Exercise details:
Reproduce, exactly and in full, the lines from the one with "US Navy Submarine" through the one with "Connecting the optional" in the data below; drop pictures.

The records:
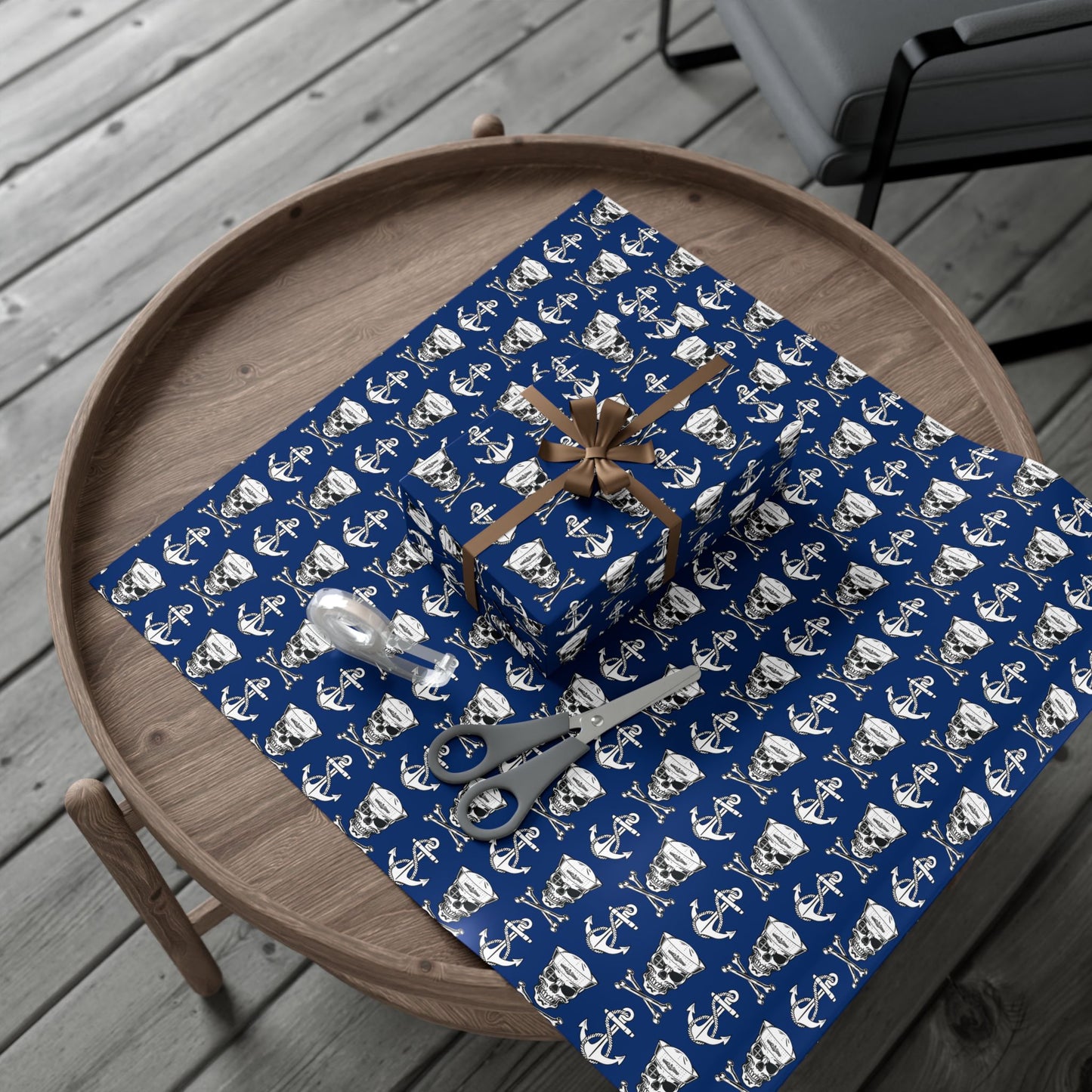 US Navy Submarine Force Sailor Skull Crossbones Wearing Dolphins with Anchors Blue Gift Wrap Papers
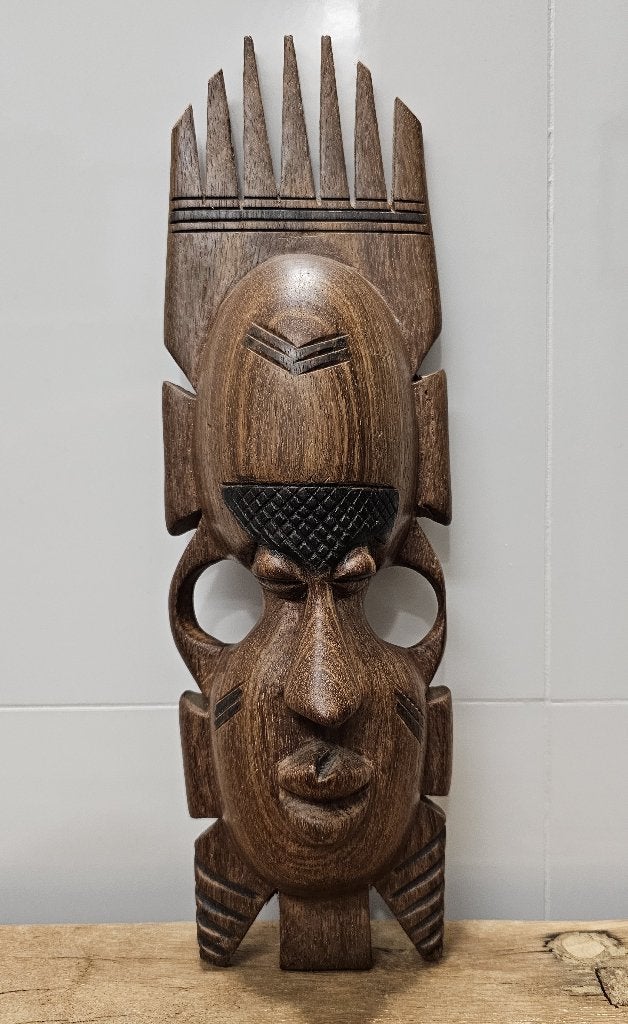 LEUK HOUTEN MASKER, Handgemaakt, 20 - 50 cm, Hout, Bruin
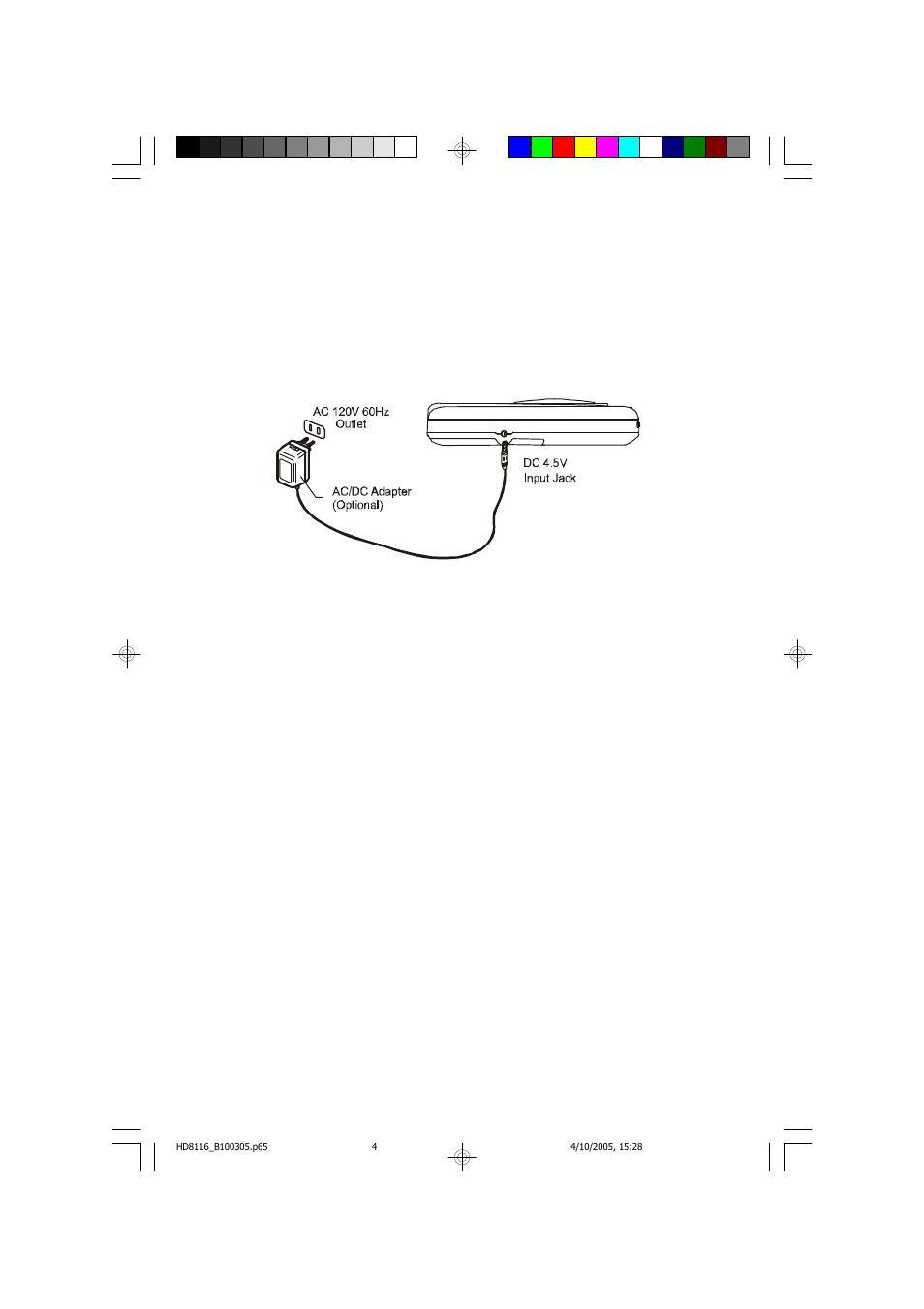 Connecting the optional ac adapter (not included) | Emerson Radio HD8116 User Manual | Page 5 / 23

--

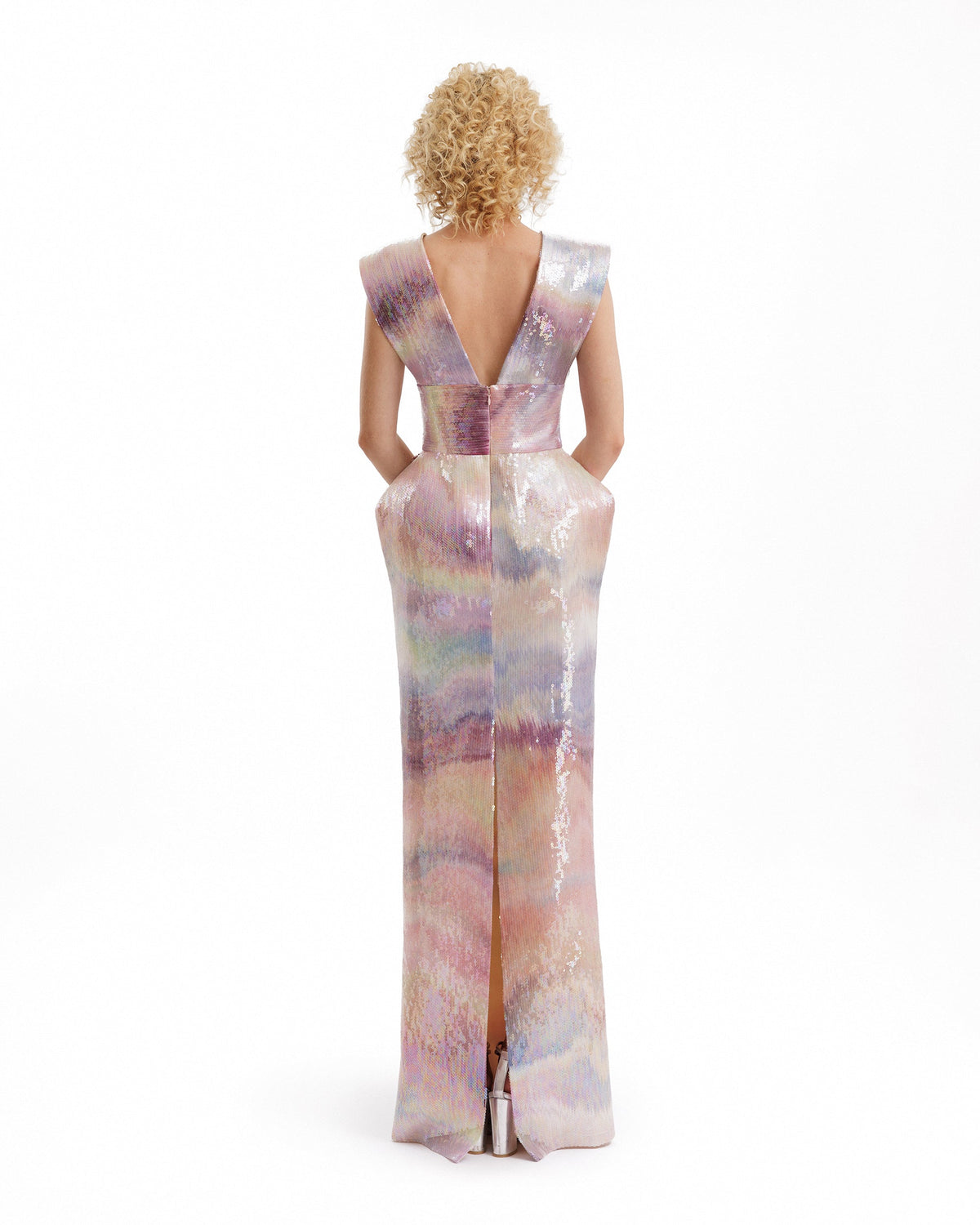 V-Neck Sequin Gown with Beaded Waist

==

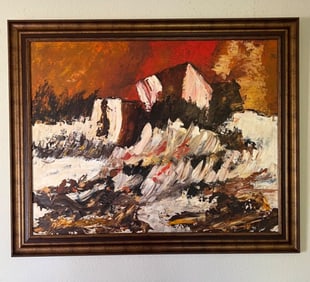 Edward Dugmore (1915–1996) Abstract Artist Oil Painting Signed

Result below:
 US Navy Submarine Force Sailor Skull Crossbones Wearing Dolphins with Anchors Blue Gift Wrap Papers
 LEUK HOUTEN MASKER, Handgemaakt, 20 - 50 cm, Hout, Bruin
 Connecting the optional ac adapter (not included) | Emerson Radio HD8116 User Manual | Page 5 / 23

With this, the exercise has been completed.